A production and storage facility, a method, and a system for offshore LPG and/or LNG processing of associated gases is disclosed. The offshore production and storage facility comprises a support structure that supports a gas treatment unit, at least one of an LPG and/or LNG production unit, and at least one storage tank for storing one LPG and LNG. The gas treatment unit is adapted to receive rich associated gases and is capable of removing at least one of acid gases, water vapor and mercury from the rich associated gases to produce a treated gas stream. In one embodiment, the LPG production unit produces LPG. In another embodiment, both LNG and LPG are produced on the facility. One or both of LPG and LNG may be stored on the facility. The facility may be a retrofit LNG or LPG carrier that has been converted to include the gas treatment unit and the LNG and/or LPG production units and any necessary offloading facilities or equipment.

The method provides for receiving a rich associated gas stream separated from produced fluids containing hydrocarbons received from an offshore subterranean reservoir. The rich associated gas stream is received on an offshore production and storage facility and at least one of acid gases, water vapor and mercury are removed from the rich associated gases to produce a stream of treated gas. At least one of liquefied petroleum gas (LPG) and liquefied natural gas (LNG) are produced from at least a portion of the treated gas. The LPG and/or LNG are then stored on the offshore production and storage facility in one or more storage tanks.

The system is designed for separating produced fluids containing hydrocarbons received from an offshore subterranean reservoir. The system includes a first offshore production facility and a second offshore production and storage facility and a conduit fluidly connecting the first and second facilities. The first offshore production facility is adapted to receive produced fluids from at least one subterranean reservoir and has facilities for separating the produced fluids into crude oil, water and rich associated gases.

The second offshore production facility includes a gas treatment unit, at least one of an LPG and LNG production unit, and at least one LPG or LNG storage tank. The gas treatment unit is in fluid communication with the conduit to receive the rich associated gases from the first production facility and is capable of removing at least one of acid gases, water vapor and mercury from the rich associated gases to produce a treated gas stream. At least one of an LPG and LNG production unit is capable of producing LPG and/or LNG from at least a portion of the treated gas stream. LPG and/or LNG produced may be stored on the second offshore production facility.

The second production and storage facility may be an LPG carrier or an LNG carrier which has been retrofit to include a gas treatment unit for removing at least one of acid gases, water vapor and mercury from the rich associated gases and which includes at least one of an LPG and an LNG production unit to produce one of LPG and LNG. Existing storage tanks can be retrofit to store LNG and/or LPG as needed. Existing or newly added offloading facilities and equipment may be used to offload the LPG and/or LNG.

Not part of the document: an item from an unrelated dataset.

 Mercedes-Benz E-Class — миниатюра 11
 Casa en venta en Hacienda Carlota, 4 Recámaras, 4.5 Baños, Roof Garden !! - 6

BRIEF DESCRIPTION OF THE DRAWINGS

These and other objects, features and advantages of the embodiments disclosed will become better understood with regard to the following description, pending claims and accompanying drawings where:

FIG. 1 is a schematic drawing of a system wherein hydrocarbon containing fluids are produced from one or more subsea reservoirs with the produced fluids being separated into crude oil, water and rich associated gases on a first production facility, and compressed rich associated gases being sent to and processed on a cooperating second production and storage facility to remove contaminants in the rich associated gases to produce a treated gas stream which yields LPG and/or LNG;

FIG. 2 is a block diagram of the first production facility that cooperates with the adjacent second production and storage facility to produce LPG for offloading to a LPG carrier. In addition, this second production and storage facility produces C5+ liquid condensate that is returned to the first production facility for blending with crude oil, and residue gas which is also returned to the first production facility;

FIG. 3 is a schematic diagram of a portion of the second production and storage facility of FIG. 2 used to treat the rich associated gases to remove acid gases, water and other contaminants and then the treated gases are further processed into residue gas, LPG, and C5+ liquid condensates;

FIG. 4 is a block diagram of another embodiment of a first production facility that produces rich associated gases from produced fluids and sends the rich associated gases to a second production and storage facility for treatment or removal of contaminants to produce a treated gas stream which is processed into LNG, LPG, and C5+ liquid condensate; and

FIG. 5 is a schematic diagram of an LNG production unit used on the second production and storage facility of FIG. 4 to produce LNG, predominantly C2+ liquids and residue gas from treated associated gases; the C2+ liquids are then converted to LPG and C5+ liquid condensates.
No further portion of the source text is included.